▸ TRY IT
The answer must reproduce the listing exactly, with every picture left out.

▸ EXERCISE DATA
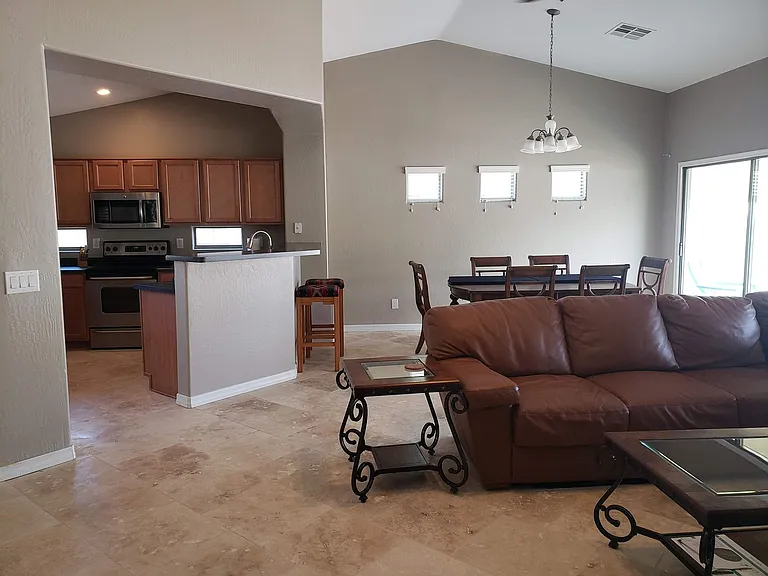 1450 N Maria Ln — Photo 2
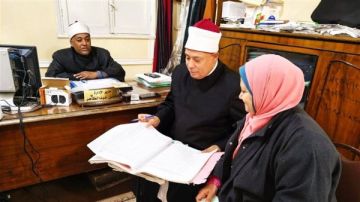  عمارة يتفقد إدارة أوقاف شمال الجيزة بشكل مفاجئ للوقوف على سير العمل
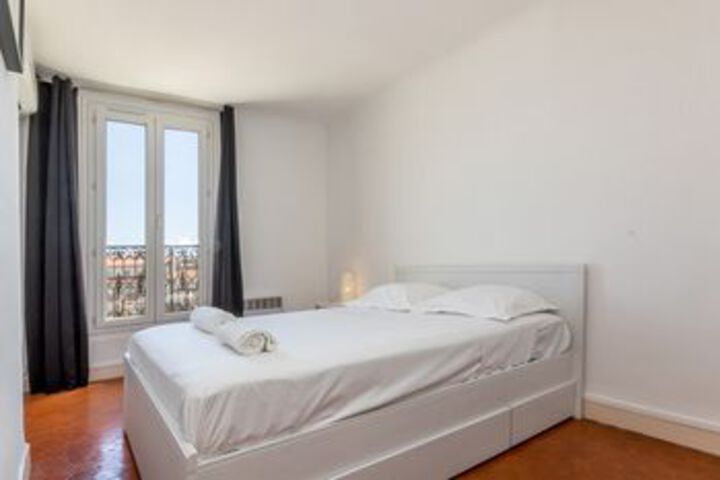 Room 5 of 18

▸ RESPONSE AREA
 1450 N Maria Ln — Photo 2
  عمارة يتفقد إدارة أوقاف شمال الجيزة بشكل مفاجئ للوقوف على سير العمل
 Room 5 of 18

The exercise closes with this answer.